Mervyn, one of the brothers who runs this chain of restaurants, will tell you, as he repeats to me, Every Single Time I've Been, that all this means that the fish is fresh and yes, it generally is.
More importantly, the dishes are consistent, the service is generally fairly prompt and the prices are moderate. The flagship is at the basement of Tanglin Shopping Center while the branches are in Paragon, City Link Mall and Vivo City. Should you wish to go to the flagship on a Friday or a weekend, you should definitely call ahead to book. This is the line headed out the door when I arrived.
The best place to sit, especially with a visitor, is at the bar. Mervyn can make you a bunch of specials and your visitor can watch the chefs at work. Today, I wasn't particularly hungry so I ordered some rolls and sashimi.
This is the inside-out tempura roll and the salmon skin handroll.
The sets are not bad, if a little generic (yes, they come with that slice of watermelon), this is the sashimi and cold zaru soba set. The green tea noodles are really refreshing and come with a cute trio of chives, wasabi and a quail's egg to crack into the dipping sauce.
If I could make one complaint about Akashi and it's not that strong a complaint that I would never go back...it's that the prices are more than a little steeper than what they were. It used to be quite a joy to come here, especially for lunch, where they had cheaper prices but this time, the bill was almost what we would have paid at Yoshida (which has an incomparable atmosphere).
Also, this place used to be the casual but nice-dinner haunt of Hokkien-speaking locals with mustaches, drinking beer, in blue worker shirts with pens sticking out the pockets. Now, half the restaurant were poshy expats, with their thick European accents and their unfriendly, elderly parents in tow. Isn't anything sacrosanct anymore?
Review: The Universal
E. and I wanted to find a restaurant for a dear friend's birthday lunch and we stumbled upon (well, led really, by Chubby Hubby's enthusiastic post) The Universal at the Duxton Hill Conservation Area.
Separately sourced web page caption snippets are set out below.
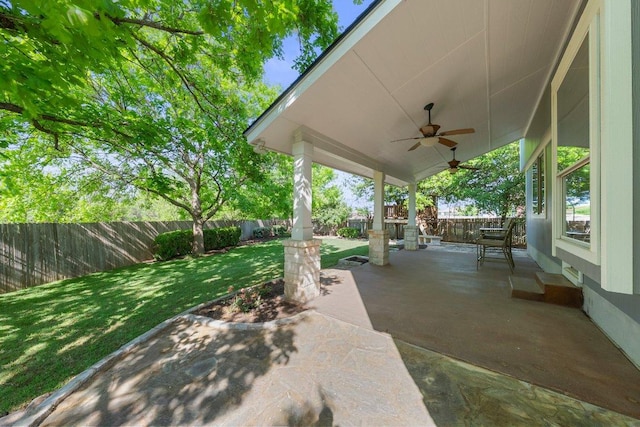 901 Middle Brook Dr, Leander, TX 78641 - view of patio featuring a fenced backyard and ceiling fan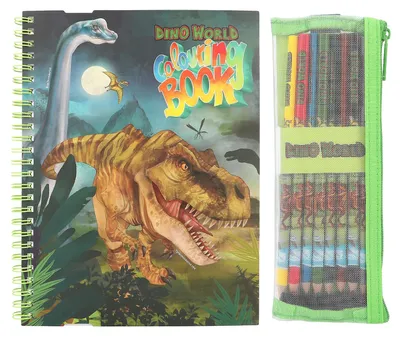 Image de Livre de coloriage Dino World avec crayons de couleur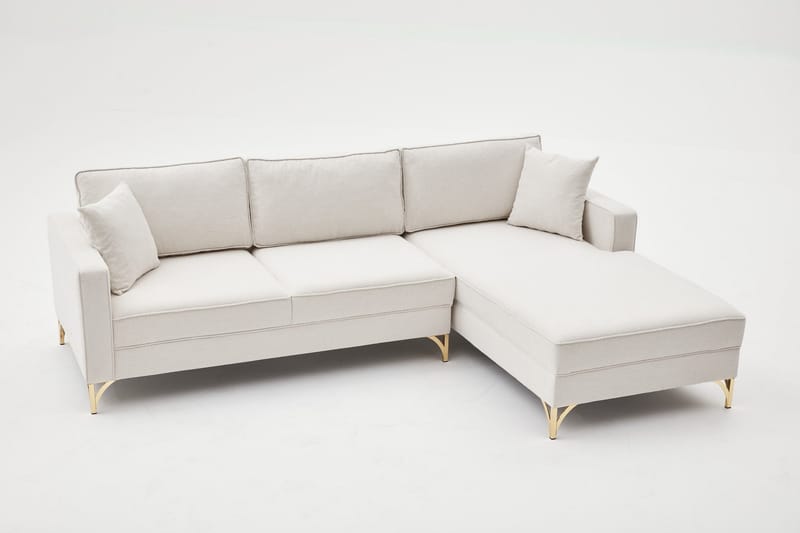 Retzow Sofa med Sjeselong 4-seter - Beige - Møbler - Sofaer - Sofa med sjeselong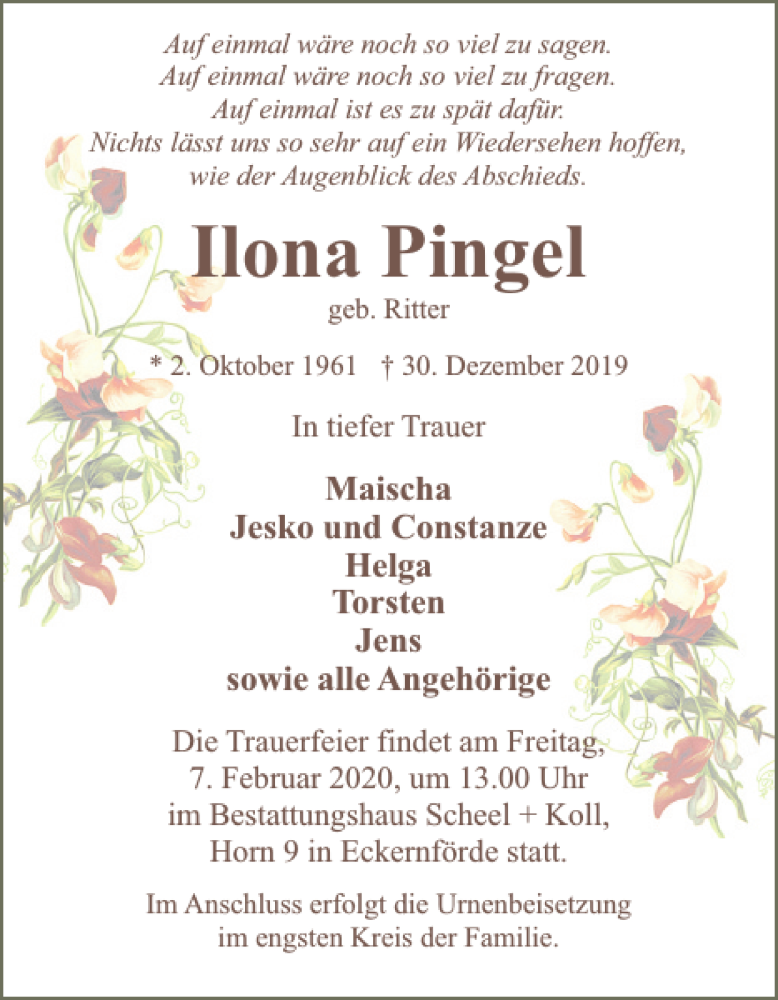  Traueranzeige für Ilona Pingel vom 25.01.2020 aus Eckernförder Zeitung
This was new, sounded like a good experience, was suitably upmarket and was pretty near to our office. Though I did grumble the way there about the scorching Singapore heat.
The decor at the Universal reminds me of Auguste in Paris, which is helmed by Michelin-starred Gael Orieux and boasts a similar contemporary design and paintings. The opening picture is The Universal and this picture is from Auguste.
The only difference is that the paintings in Auguste are of the Bamiyan Buddhas, whereas in The Universal, they are the work of a talented local artist and are actually for sale.
The restaurant really is lovely, it's a beautiful, hidden, shady part of Singapore and the renovation of the shophouse has transformed it into a sun-drenched, cosy space. The wine bar is on the ground floor and there are more than 500 labels from 1937 onward. The narrow flight of stairs leads upward to an intimate dining area on the second floor, which accomodates about 35 people. We ate on the mezzanine level which is a good place to have a smaller party of about 4 tables.
We had the 3-course lunch sets which I believe were priced at about $34. The chef sent out an unusual amuse bouche, it was like a tropical chicken macnugget, with a thai chilli sauce in the little egg cup that held it. For starters, the others had the Pan Fried Foie Gras served with port wine jelly, dried fruit compote and brioche and I had the Jerusalem artichoke soup with grilled scallops.
I was surprised, the interior of the restaurant was just that little bit pretentious and we were the Only Table on the mezzanine level, leaving the staff to fuss over us like mother hens. I must admit that despite their good and most importantly, Warm tomato bread, I was secretly wondering what the food quality, especially of the work lunch, would be like.
The soup was delicious, full of artichoke taste and with thick bits of artichoke still submerged in the soup. I usually don't order scallops in Singapore, finding them to be skinny, charred affairs, but these were actually juicy and not fishy at all. The soup was well-presented with a real interesting mix of colours and it was still piping hot. I was impressed, both by the soup and the foie gras and at this point, started feeling cheerier about the meal and the walk in the sun to get there.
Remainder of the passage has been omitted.